» EXTRACTED MATERIAL
• • • • • • •
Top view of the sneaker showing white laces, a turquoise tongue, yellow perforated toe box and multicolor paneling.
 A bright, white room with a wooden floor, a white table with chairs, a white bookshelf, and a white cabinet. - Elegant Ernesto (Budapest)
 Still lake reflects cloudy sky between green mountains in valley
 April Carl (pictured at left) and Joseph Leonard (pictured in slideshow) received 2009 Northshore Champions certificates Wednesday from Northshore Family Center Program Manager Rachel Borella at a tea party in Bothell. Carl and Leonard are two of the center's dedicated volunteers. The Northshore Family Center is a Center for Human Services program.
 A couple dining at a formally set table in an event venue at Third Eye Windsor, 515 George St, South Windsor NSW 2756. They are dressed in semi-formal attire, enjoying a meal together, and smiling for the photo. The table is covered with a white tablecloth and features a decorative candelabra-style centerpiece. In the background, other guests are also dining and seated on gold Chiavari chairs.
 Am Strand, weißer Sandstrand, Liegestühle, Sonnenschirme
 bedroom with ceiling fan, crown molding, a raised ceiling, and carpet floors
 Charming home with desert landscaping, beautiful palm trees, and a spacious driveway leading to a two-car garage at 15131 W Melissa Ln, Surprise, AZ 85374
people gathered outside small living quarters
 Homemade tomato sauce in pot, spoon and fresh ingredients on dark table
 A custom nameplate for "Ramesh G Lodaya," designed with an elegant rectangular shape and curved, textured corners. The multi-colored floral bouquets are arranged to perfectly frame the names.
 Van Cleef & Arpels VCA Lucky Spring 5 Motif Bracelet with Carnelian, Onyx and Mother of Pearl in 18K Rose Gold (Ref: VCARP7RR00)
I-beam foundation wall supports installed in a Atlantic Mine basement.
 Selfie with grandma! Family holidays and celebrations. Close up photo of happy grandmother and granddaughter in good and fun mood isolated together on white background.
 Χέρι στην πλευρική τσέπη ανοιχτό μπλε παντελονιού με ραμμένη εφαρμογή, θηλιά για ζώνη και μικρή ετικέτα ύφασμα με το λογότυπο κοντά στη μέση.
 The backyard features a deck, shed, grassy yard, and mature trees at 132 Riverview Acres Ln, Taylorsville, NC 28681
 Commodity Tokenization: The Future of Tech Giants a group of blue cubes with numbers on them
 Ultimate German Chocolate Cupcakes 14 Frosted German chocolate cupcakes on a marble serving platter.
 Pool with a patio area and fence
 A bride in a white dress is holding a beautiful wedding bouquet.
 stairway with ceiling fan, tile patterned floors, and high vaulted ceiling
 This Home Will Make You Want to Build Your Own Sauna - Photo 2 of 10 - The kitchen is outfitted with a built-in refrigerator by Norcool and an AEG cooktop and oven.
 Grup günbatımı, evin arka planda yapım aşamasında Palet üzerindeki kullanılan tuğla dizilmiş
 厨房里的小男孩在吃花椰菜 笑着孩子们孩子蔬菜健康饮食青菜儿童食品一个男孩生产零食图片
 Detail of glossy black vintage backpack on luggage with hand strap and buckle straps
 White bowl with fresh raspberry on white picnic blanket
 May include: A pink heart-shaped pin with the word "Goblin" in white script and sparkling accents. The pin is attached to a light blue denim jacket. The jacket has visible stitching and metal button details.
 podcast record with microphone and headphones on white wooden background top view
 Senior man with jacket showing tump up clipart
• • • • • • •
» WORK TO COMPLETE
Look back at the entries above. Retype the line with "Homemade tomato sauce", the line with "Commodity Tokenization: The", and all lines in between.

» YOUR SOLUTION
 Homemade tomato sauce in pot, spoon and fresh ingredients on dark table
 A custom nameplate for "Ramesh G Lodaya," designed with an elegant rectangular shape and curved, textured corners. The multi-colored floral bouquets are arranged to perfectly frame the names.
 Van Cleef & Arpels VCA Lucky Spring 5 Motif Bracelet with Carnelian, Onyx and Mother of Pearl in 18K Rose Gold (Ref: VCARP7RR00)
I-beam foundation wall supports installed in a Atlantic Mine basement.
 Selfie with grandma! Family holidays and celebrations. Close up photo of happy grandmother and granddaughter in good and fun mood isolated together on white background.
 Χέρι στην πλευρική τσέπη ανοιχτό μπλε παντελονιού με ραμμένη εφαρμογή, θηλιά για ζώνη και μικρή ετικέτα ύφασμα με το λογότυπο κοντά στη μέση.
 The backyard features a deck, shed, grassy yard, and mature trees at 132 Riverview Acres Ln, Taylorsville, NC 28681
 Commodity Tokenization: The Future of Tech Giants a group of blue cubes with numbers on them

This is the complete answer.